In research reported in the current issue of Physical Review Letters, the team shows that, prior to the Big Bang, there was a contracting universe with space-time geometry that otherwise is similar to that of our current expanding universe. As gravitational forces pulled this previous universe inward, it reached a point at which the quantum properties of space-time cause gravity to become repulsive, rather than attractive.

The figure represents our expanding universe as the right branch
of the arc. Our time now is located at the 1.8 grid mark on the right
side of the drawing. According to Ashtekar's team's calculations,
when looking backward throughout the history of the universe, 'time'
does not go to the point of the Big Bang but bounces to the left branch
of the drawing, which describes a contracting universe. Singh explains,
"The state of the universe depicted by its wavefunction is shown in space
(\mu) and time(\phi). The big bang singularity lies where space
vanishes (goes to zero). Our expanding phase of the universe is shown by
the right branch which, when reversed backward in time, bounces near
the Big Bang to a contracting phase (left branch) and never reaches the
Big Bang." (ECS)

“Using quantum modifications of Einstein’s cosmological equations, we have shown that in place of a classical Big Bang there is in fact a quantum Bounce,” says Ashtekar. “We were so surprised by the finding that there is another classical, pre-Big Bang universe that we repeated the simulations with different parameter values over several months, but we found that the Big Bounce scenario is robust.”

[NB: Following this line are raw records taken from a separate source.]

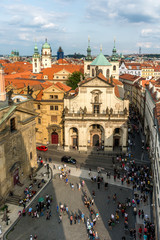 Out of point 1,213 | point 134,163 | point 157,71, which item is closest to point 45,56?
point 157,71

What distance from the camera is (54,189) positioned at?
108 feet

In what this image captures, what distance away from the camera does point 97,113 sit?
45.7 m

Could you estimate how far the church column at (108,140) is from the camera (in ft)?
150

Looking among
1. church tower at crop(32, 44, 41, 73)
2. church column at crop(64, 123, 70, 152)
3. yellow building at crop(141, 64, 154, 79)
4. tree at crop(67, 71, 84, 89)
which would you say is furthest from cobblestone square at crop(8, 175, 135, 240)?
yellow building at crop(141, 64, 154, 79)

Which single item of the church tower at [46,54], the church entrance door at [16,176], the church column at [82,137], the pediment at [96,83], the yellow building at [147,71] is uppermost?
the church tower at [46,54]

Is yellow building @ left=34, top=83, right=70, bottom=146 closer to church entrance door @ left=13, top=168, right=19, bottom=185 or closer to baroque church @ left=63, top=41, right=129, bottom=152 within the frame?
baroque church @ left=63, top=41, right=129, bottom=152

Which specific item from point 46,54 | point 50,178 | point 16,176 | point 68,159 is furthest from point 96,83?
point 46,54

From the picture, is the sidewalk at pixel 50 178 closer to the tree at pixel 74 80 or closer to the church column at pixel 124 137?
the church column at pixel 124 137

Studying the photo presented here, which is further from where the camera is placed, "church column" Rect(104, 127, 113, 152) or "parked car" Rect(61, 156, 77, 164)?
"church column" Rect(104, 127, 113, 152)

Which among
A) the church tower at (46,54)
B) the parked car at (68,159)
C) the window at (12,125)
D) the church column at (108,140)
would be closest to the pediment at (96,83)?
the church column at (108,140)

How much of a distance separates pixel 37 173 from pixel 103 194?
12169mm

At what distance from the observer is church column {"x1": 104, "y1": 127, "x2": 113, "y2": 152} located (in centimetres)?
4584

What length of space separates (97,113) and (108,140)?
624 centimetres

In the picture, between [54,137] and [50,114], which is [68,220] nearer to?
[54,137] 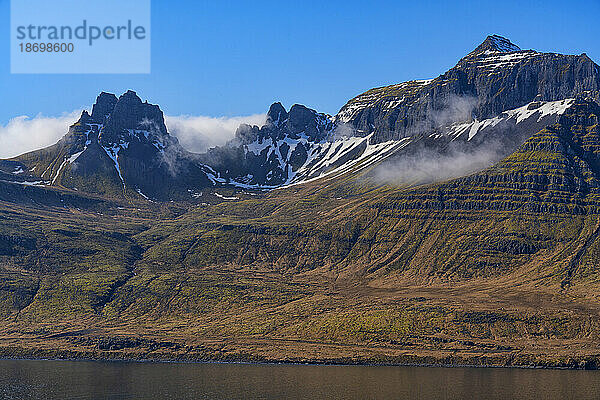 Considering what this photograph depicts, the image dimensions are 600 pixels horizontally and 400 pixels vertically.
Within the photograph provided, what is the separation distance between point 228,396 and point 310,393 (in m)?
23.7

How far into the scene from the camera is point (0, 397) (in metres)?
194

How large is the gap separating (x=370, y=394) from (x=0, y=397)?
341ft

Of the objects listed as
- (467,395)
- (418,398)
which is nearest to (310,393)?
(418,398)

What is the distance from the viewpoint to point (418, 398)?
19012 centimetres

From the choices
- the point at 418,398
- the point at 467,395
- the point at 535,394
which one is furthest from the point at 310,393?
the point at 535,394

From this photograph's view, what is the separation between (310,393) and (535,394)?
6483 centimetres

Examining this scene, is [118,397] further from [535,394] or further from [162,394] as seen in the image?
[535,394]

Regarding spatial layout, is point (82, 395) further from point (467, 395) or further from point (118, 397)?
point (467, 395)

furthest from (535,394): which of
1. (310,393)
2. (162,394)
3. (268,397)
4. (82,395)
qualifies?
(82,395)

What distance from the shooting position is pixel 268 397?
7559 inches

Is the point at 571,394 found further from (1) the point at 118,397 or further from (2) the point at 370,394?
(1) the point at 118,397

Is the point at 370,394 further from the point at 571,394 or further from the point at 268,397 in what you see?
the point at 571,394

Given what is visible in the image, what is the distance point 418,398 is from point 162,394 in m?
72.6

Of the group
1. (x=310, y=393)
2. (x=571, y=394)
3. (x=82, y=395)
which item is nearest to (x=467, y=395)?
(x=571, y=394) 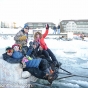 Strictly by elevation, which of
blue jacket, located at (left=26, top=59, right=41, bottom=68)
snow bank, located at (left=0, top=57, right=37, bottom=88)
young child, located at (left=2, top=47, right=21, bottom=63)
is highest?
young child, located at (left=2, top=47, right=21, bottom=63)

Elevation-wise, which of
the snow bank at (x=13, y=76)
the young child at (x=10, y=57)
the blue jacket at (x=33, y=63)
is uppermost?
the young child at (x=10, y=57)

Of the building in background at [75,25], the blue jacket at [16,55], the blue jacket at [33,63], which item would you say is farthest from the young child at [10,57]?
the building in background at [75,25]

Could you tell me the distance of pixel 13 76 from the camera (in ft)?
14.3

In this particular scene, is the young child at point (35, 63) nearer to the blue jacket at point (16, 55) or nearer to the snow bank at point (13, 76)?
the blue jacket at point (16, 55)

While the general idea of another universe existing prior to the Big Bang has been proposed before, this is the first mathematical description that systematically establishes its existence and deduces properties of space-time geometry in that universe.

The research team used loop quantum gravity, a leading approach to the problem of the unification of general relativity with quantum physics, which also was pioneered at the Penn State Institute of Gravitational Physics and Geometry.

In this theory, space-time geometry itself has a discrete 'atomic' structure and the familiar continuum is only an approximation. The fabric of space is literally woven by one-dimensional quantum threads.

Near the Big-Bang, this fabric is violently torn and the quantum nature of geometry becomes important. It makes gravity strongly repulsive, giving rise to the Big Bounce.

"Our initial work assumes a homogenous model of our universe," says Ashtekar. "However, it has given us confidence in the underlying ideas of loop quantum gravity. We will continue to refine the model to better portray the universe as we know it and to better understand the features of quantum gravity."

The research was sponsored by the National Science Foundation, the Alexander von Humboldt Foundation, and the Penn State Eberly College of Science.